**Task description**:
What you return must match the records below exactly, apart from the omitted pictures.

Stored data:
*** Block opens ***
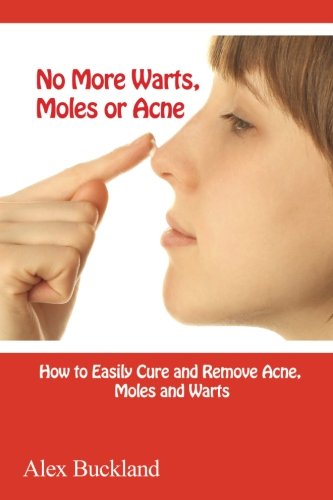 No More Warts, Moles or Acne: How to Cure and Remove Acne, Moles and Acn e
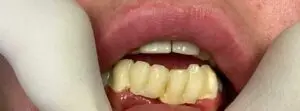 Dental Implants Before
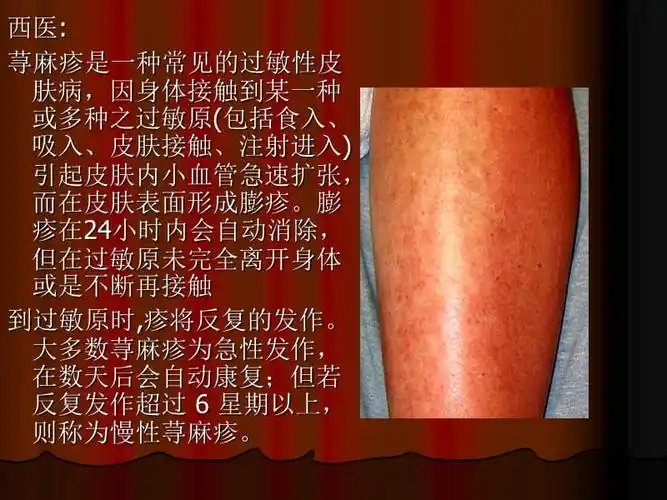 《病案风疹附照片》ppt课件.ppt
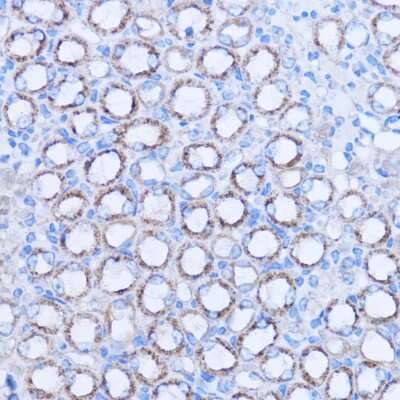 Immunohistochemistry-Paraffin: MT-ND3 Antibody - Azide and BSA Free [NBP2-93832]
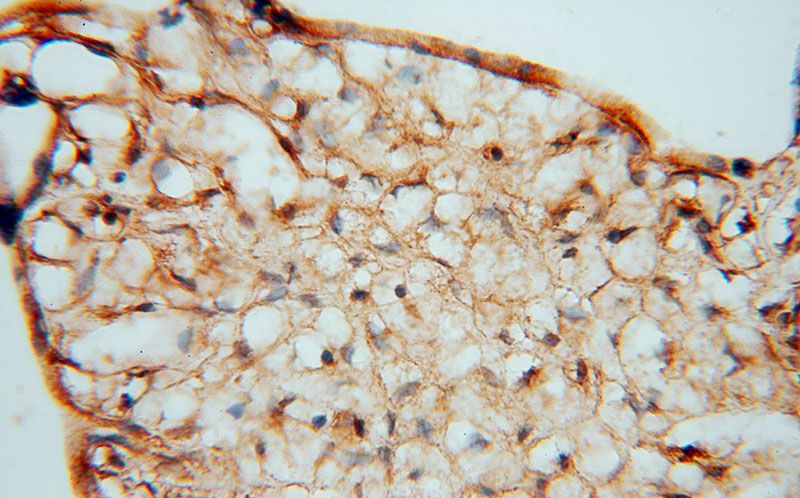 Immunohistochemical of paraffin-embedded human placenta using Catalog No:112031(KDSR antibody) at dilution of 1:50 (under 40x lens)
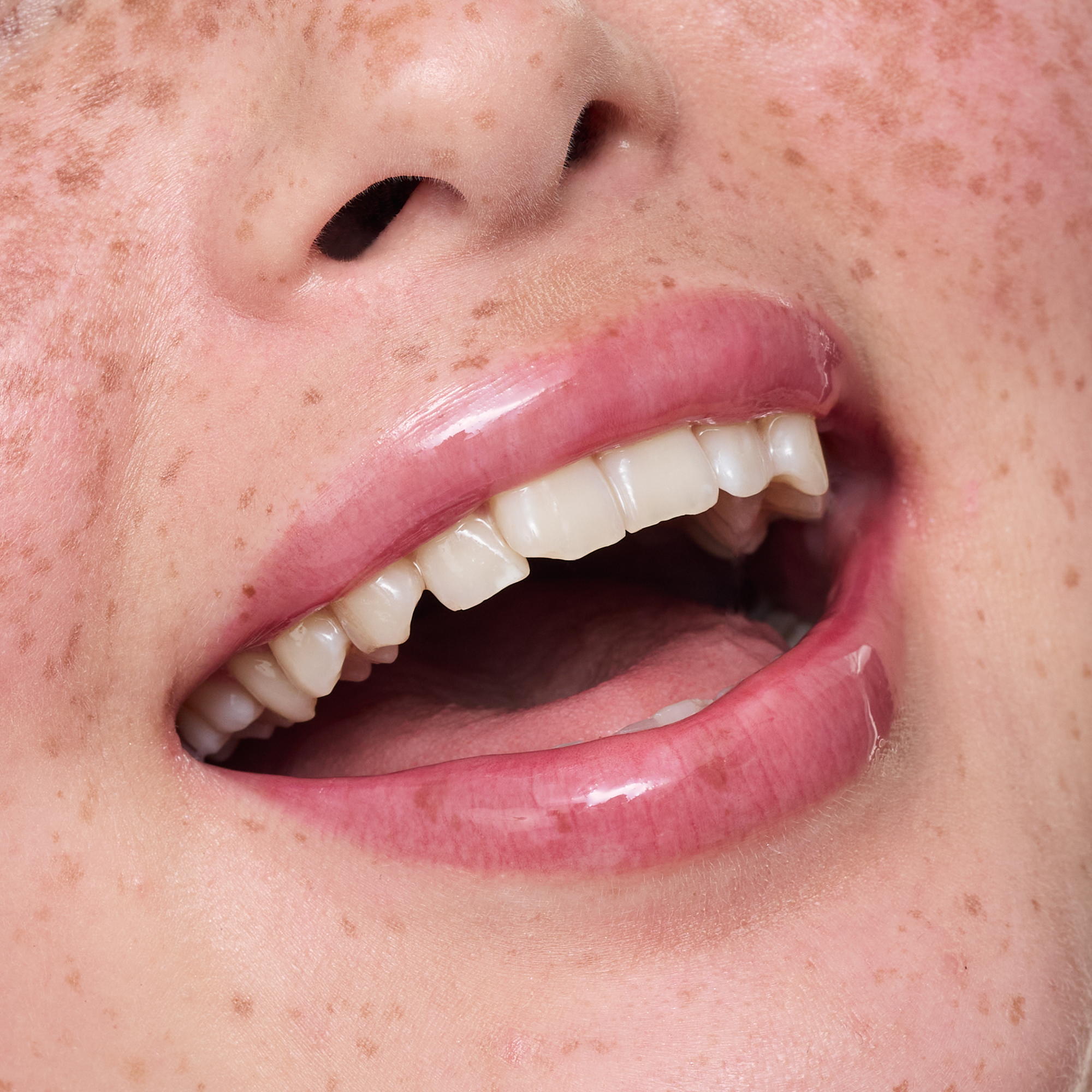Bild: essence JUICY SERUM hydrating lip treatment 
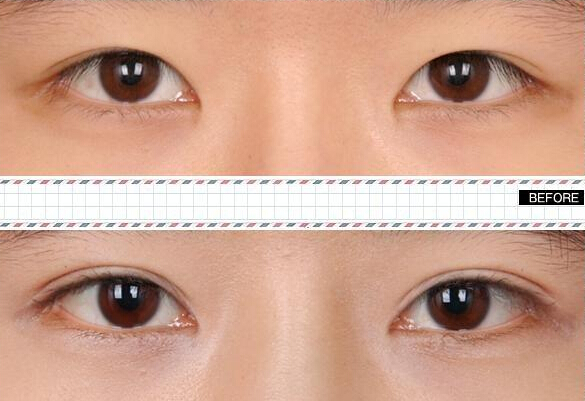 做雙眼皮價(jià)格是多少？哪種眼睛適合做雙眼皮呢?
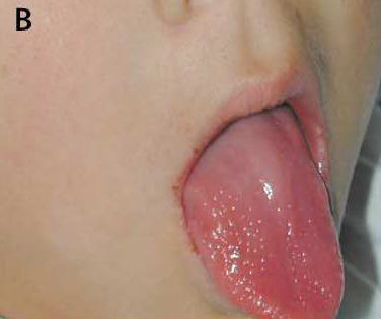 مظهر-لسان-التوت-مرض-كاواساكي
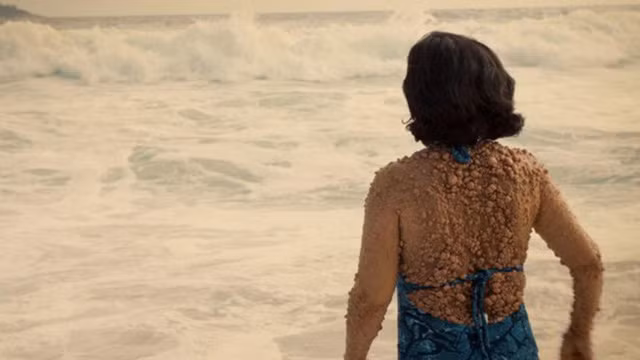 Dù làn da khiếm khuyết, bà mẹ vẫn sẵn sàng diện đồ bơi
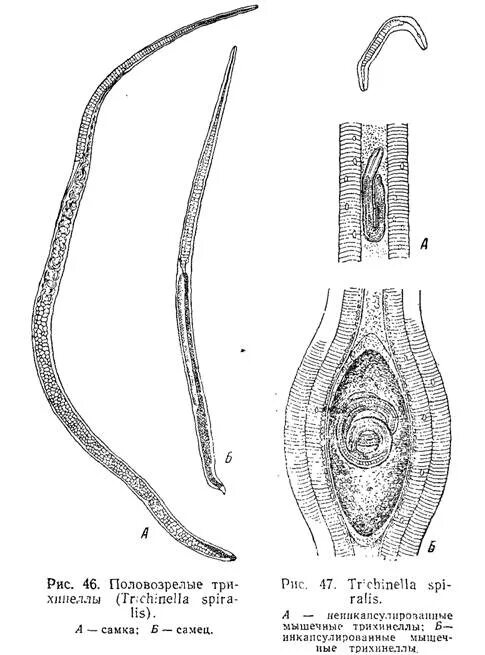 Трихинелла Спиралис строение личинки. Трихинелла Спиралис капсула. Трихинелла спиральная самец и самка. Trichinella spiralis морфология.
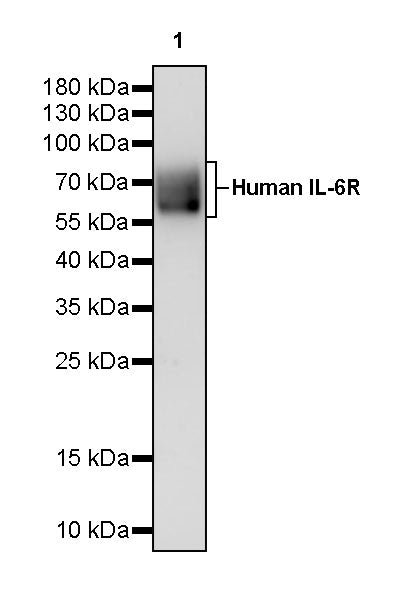 Anti-Human IL-6R Monoclonal Antibody (Tocilizumab)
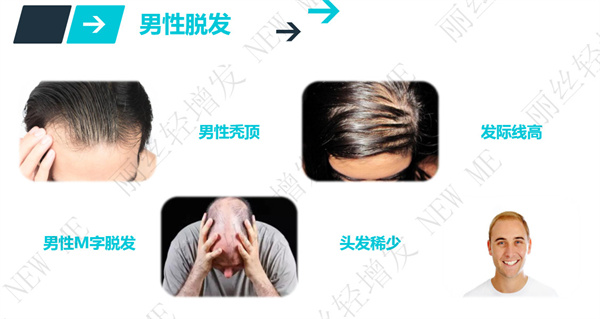 丽丝轻增发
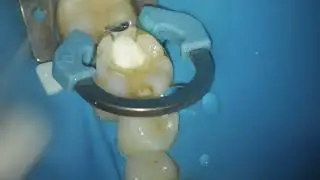 Aplicação de Clorexidine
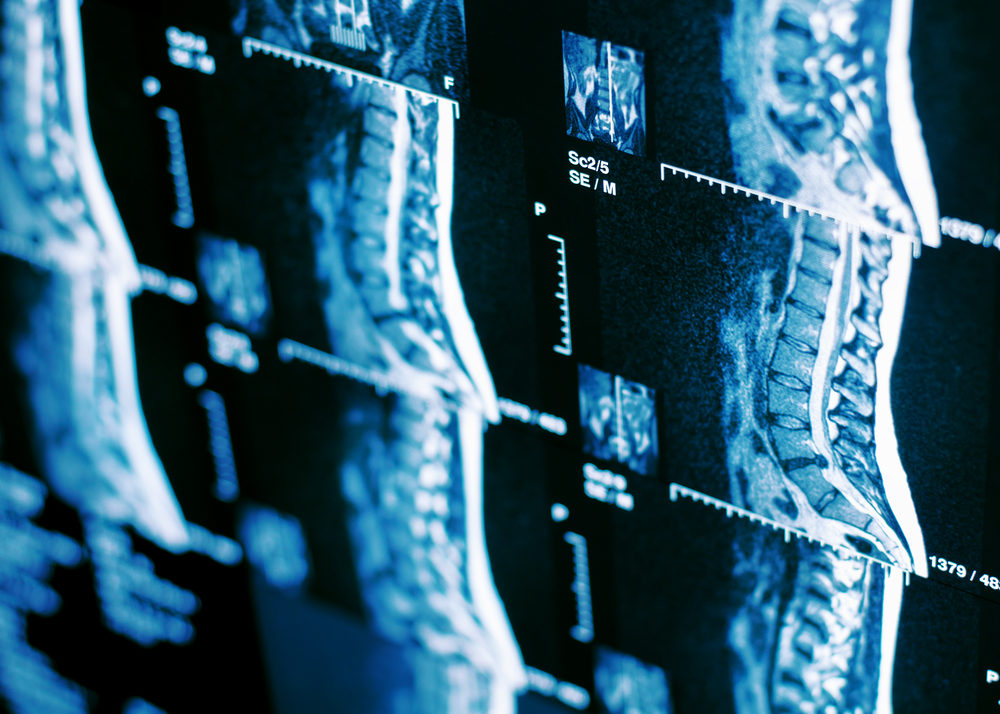 What Kinds of Damages Can You Seek After Sustaining an SCI? MRI scan of human spine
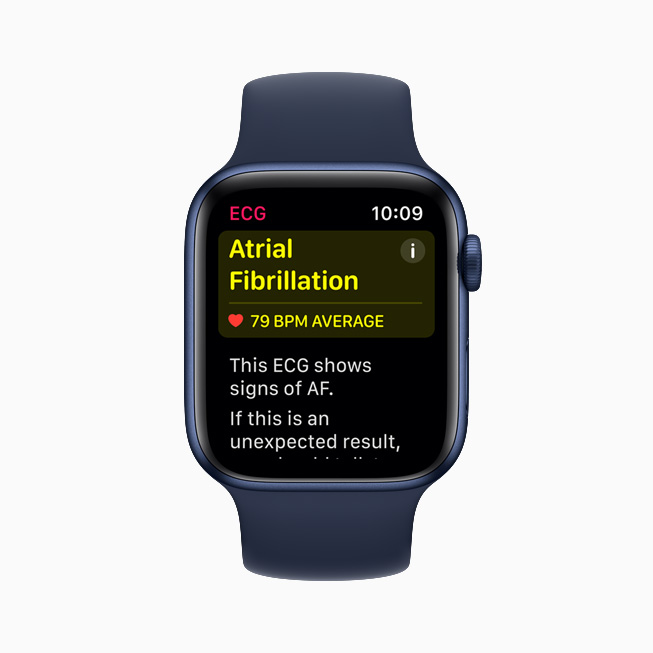 Sinus rhythm classification displayed in the ECG app on Apple Watch Series 6. 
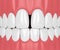 3d render of teeth with diastema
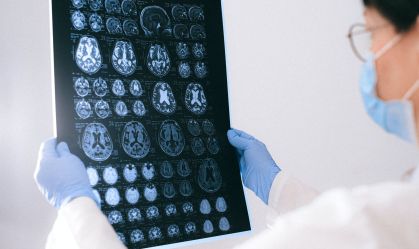 Novo teste pode detectar câncer cerebral em até 1 hora, diz estudo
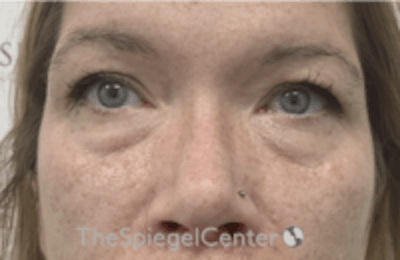 Blepharoplasty Before & After Gallery - Patient 170881 - Image 1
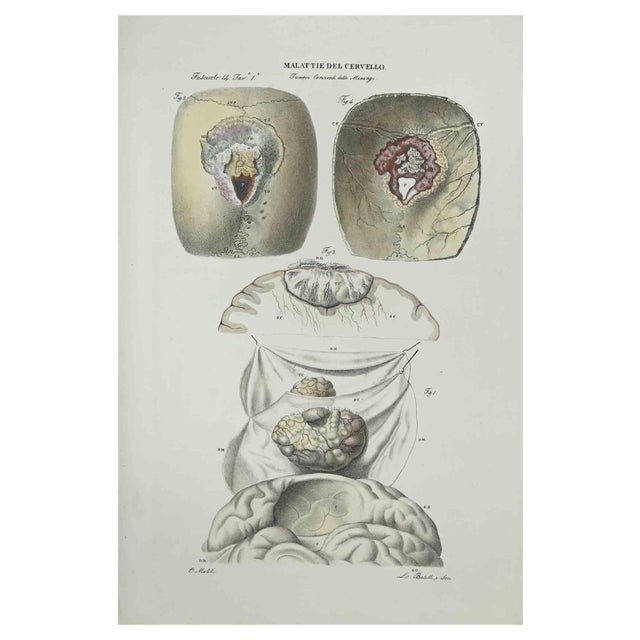 Ottavio Muzzi, Brain Diseases, Lithograph, 1843 For Sale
*** Block closes ***
**Solution for this exercise**:
 No More Warts, Moles or Acne: How to Cure and Remove Acne, Moles and Acn e
 Dental Implants Before
 《病案风疹附照片》ppt课件.ppt
 Immunohistochemistry-Paraffin: MT-ND3 Antibody - Azide and BSA Free [NBP2-93832]
 Immunohistochemical of paraffin-embedded human placenta using Catalog No:112031(KDSR antibody) at dilution of 1:50 (under 40x lens)
Bild: essence JUICY SERUM hydrating lip treatment 
 做雙眼皮價(jià)格是多少？哪種眼睛適合做雙眼皮呢?
 مظهر-لسان-التوت-مرض-كاواساكي
 Dù làn da khiếm khuyết, bà mẹ vẫn sẵn sàng diện đồ bơi
 Трихинелла Спиралис строение личинки. Трихинелла Спиралис капсула. Трихинелла спиральная самец и самка. Trichinella spiralis морфология.
 Anti-Human IL-6R Monoclonal Antibody (Tocilizumab)
 丽丝轻增发
 Aplicação de Clorexidine
 What Kinds of Damages Can You Seek After Sustaining an SCI? MRI scan of human spine
 Sinus rhythm classification displayed in the ECG app on Apple Watch Series 6. 
 3d render of teeth with diastema
 Novo teste pode detectar câncer cerebral em até 1 hora, diz estudo
 Blepharoplasty Before & After Gallery - Patient 170881 - Image 1
 Ottavio Muzzi, Brain Diseases, Lithograph, 1843 For Sale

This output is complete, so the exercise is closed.